Segment Open

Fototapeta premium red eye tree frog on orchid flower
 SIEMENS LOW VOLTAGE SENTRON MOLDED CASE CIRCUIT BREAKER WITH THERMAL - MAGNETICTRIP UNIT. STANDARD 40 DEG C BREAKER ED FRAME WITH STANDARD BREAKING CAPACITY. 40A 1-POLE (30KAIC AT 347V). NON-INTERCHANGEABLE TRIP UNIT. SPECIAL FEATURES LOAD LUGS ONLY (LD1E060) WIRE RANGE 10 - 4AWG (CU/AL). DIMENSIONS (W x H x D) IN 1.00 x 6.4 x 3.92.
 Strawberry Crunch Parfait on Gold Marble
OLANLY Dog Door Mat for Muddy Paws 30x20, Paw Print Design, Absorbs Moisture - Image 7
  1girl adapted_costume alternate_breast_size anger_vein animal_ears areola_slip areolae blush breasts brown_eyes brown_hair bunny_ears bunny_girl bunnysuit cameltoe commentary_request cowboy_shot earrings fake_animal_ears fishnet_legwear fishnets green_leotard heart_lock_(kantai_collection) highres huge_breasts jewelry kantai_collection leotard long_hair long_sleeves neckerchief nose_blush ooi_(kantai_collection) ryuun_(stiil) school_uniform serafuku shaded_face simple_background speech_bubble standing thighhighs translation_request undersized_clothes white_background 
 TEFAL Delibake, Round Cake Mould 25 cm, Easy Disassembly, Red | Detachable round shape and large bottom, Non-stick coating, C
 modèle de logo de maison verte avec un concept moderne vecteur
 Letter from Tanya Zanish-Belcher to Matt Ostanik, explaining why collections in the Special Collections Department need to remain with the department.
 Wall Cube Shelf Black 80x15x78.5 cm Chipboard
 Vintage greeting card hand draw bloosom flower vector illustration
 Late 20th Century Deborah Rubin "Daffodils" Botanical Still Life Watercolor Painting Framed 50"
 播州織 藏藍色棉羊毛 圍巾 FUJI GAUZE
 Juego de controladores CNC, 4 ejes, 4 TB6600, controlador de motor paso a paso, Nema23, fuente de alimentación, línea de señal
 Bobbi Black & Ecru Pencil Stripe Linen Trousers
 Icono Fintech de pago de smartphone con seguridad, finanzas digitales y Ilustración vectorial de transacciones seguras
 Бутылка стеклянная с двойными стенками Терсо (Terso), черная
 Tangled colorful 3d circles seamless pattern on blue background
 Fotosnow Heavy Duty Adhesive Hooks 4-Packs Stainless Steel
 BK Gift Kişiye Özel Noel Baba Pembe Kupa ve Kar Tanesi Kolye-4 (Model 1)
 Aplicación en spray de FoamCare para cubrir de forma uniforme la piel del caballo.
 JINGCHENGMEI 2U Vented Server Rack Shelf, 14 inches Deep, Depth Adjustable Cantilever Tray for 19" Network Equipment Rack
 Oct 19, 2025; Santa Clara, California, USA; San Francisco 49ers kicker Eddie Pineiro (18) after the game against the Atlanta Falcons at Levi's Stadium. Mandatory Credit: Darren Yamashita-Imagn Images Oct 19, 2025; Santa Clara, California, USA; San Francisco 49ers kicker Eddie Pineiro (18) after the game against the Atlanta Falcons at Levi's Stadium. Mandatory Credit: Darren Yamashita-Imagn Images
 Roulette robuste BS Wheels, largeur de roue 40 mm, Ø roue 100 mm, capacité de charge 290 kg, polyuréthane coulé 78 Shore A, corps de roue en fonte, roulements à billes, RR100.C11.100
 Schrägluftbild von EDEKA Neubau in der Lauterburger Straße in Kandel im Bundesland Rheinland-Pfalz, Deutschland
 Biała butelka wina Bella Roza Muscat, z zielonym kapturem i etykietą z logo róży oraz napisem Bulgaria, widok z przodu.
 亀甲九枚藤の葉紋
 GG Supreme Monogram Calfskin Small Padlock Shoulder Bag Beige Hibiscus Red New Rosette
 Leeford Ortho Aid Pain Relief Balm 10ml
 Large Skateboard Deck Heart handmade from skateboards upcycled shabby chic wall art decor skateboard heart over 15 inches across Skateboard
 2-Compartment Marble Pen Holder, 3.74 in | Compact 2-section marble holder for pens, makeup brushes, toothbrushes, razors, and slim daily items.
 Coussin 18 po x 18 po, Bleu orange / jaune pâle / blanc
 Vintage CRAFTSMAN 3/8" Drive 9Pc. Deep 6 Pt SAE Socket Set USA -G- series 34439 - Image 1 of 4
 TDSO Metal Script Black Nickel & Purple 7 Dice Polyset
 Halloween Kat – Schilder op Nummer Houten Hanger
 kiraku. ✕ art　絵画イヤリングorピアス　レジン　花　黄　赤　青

Segment Closed

> [What to work on]: Starting with the first line of the entries, transcribe every line up to and including the one with "OLANLY Dog Door".

> [Response to this task]:
Fototapeta premium red eye tree frog on orchid flower
 SIEMENS LOW VOLTAGE SENTRON MOLDED CASE CIRCUIT BREAKER WITH THERMAL - MAGNETICTRIP UNIT. STANDARD 40 DEG C BREAKER ED FRAME WITH STANDARD BREAKING CAPACITY. 40A 1-POLE (30KAIC AT 347V). NON-INTERCHANGEABLE TRIP UNIT. SPECIAL FEATURES LOAD LUGS ONLY (LD1E060) WIRE RANGE 10 - 4AWG (CU/AL). DIMENSIONS (W x H x D) IN 1.00 x 6.4 x 3.92.
 Strawberry Crunch Parfait on Gold Marble
OLANLY Dog Door Mat for Muddy Paws 30x20, Paw Print Design, Absorbs Moisture - Image 7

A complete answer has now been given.